[REQUIRED ACTION]
Beginning with the first line below, retype exactly each line through the one containing "Hey guys, welcome". Leave out all pictures.
[[ DATA SHOWN, beginning ]]
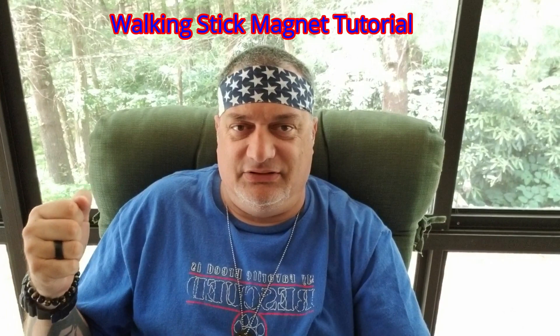Hey, hello America, it's EZMstutz and I'm just bringing you a quick little tutorial on how to make the magnet staff picker-upper thingy. I don't know what it's called, but anyway I'm gonna show you how I made mine.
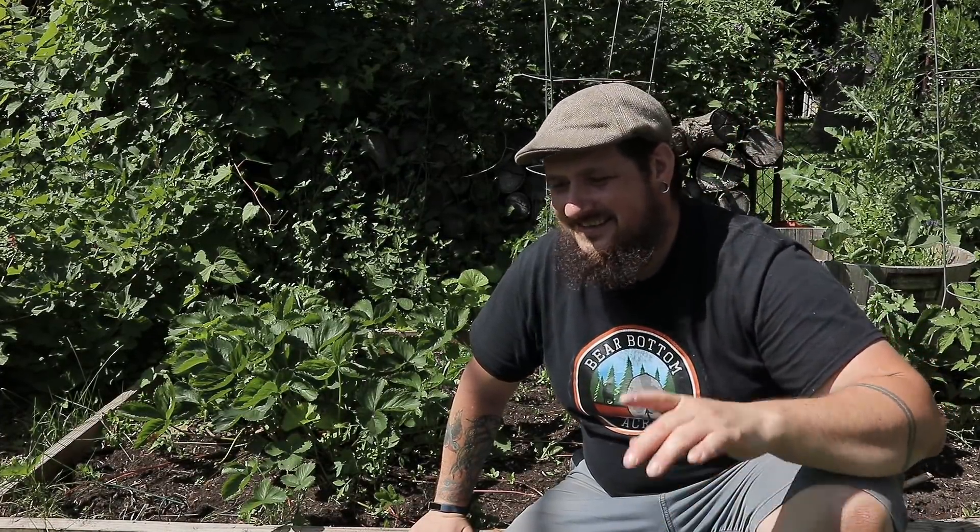Hey guys, welcome back to The City Set. Today I am going to show you how I made my urban Hugelkultur bed.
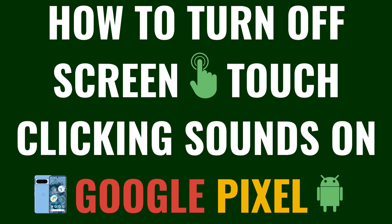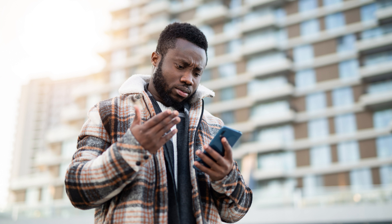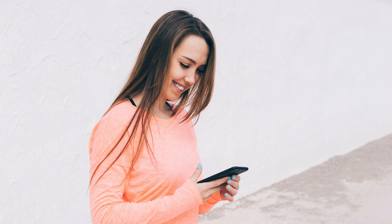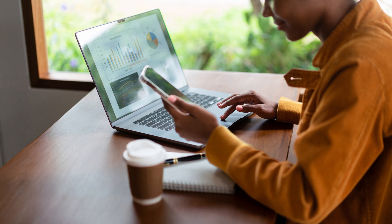I'm Max Dalton, and in this video I'll show you how to turn off screen-touch clicking sounds on your Google Pixel phone or tablet. Are you finding the clicking sounds every time you touch your Google Pixel tablet or phone screen a bit too much, especially in quiet settings or late at night? You're not alone. In this video I'll help you turn off those screen-touch clicking sounds on your Google Pixel. It's a simple tweak that can make your phone or tablet experience more pleasant, especially in environments where you need to keep noise to a minimum.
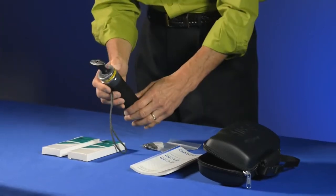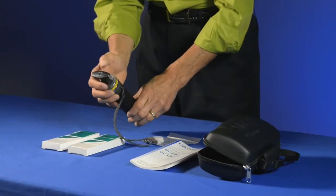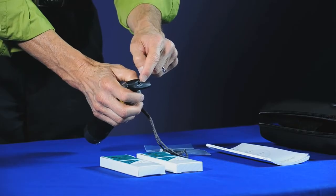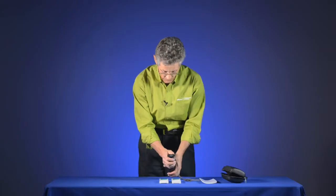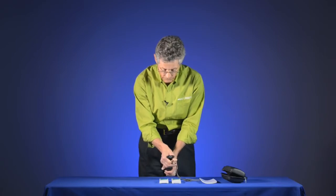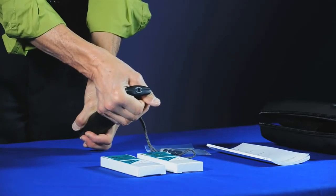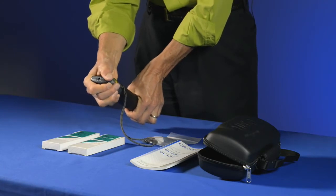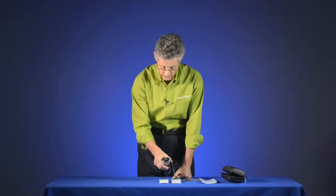The other feature on the GAS-TEC pump is a flow finish indicator. At the end of the handle you'll see a bright white dot. When I put a tube in and draw a sample, that white dot disappears. Once the sample is completed, the white dot reappears and the pump is ready to go.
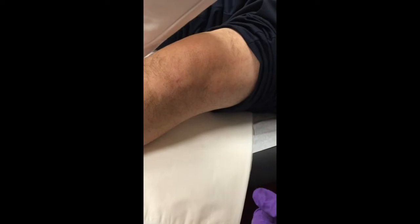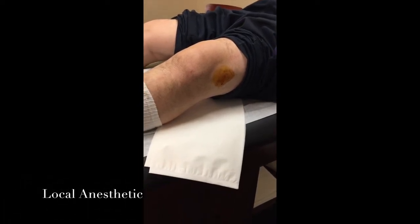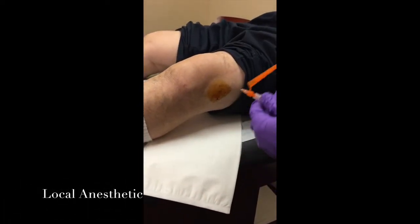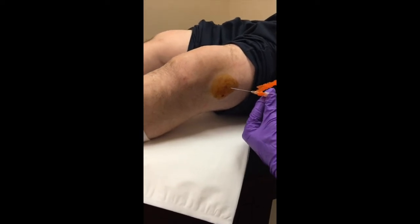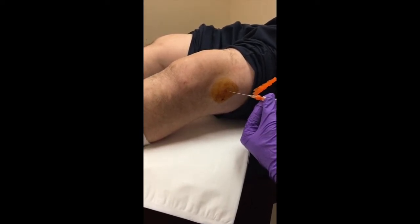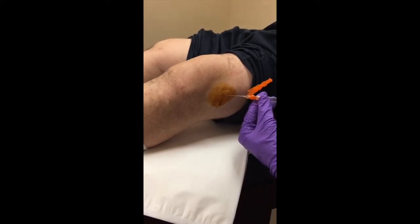Now that we have him prepped and wiped down with alcohol and betadine, we take our local anesthetic and create a small wheal right underneath the skin. You're going to feel a pinch on three — one, two, three — a small pinch, then a little burn sensation as we create the wheal.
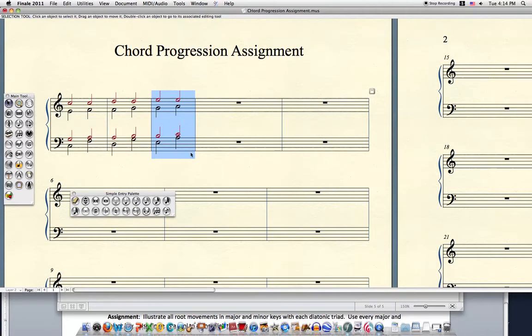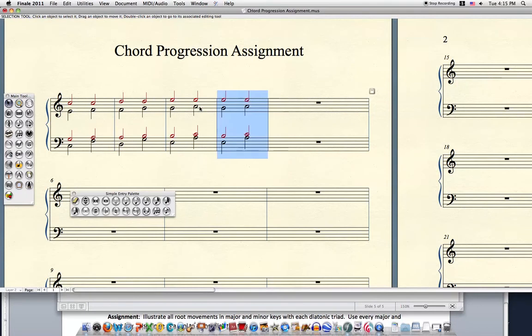The only problem here is that the soprano is going to get pretty high if I continue to do this. So in the next example, I want to change the key. Notice that four to seven is not shown here because that's not a standard progression because of the tritone on the bass. My next chord progression is six to two, and we can use the same copy and paste.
[[ DATA SHOWN, end ]]
[COMPLETED EXERCISE]
Hey, hello America, it's EZMstutz and I'm just bringing you a quick little tutorial on how to make the magnet staff picker-upper thingy. I don't know what it's called, but anyway I'm gonna show you how I made mine.
Hey guys, welcome back to The City Set. Today I am going to show you how I made my urban Hugelkultur bed.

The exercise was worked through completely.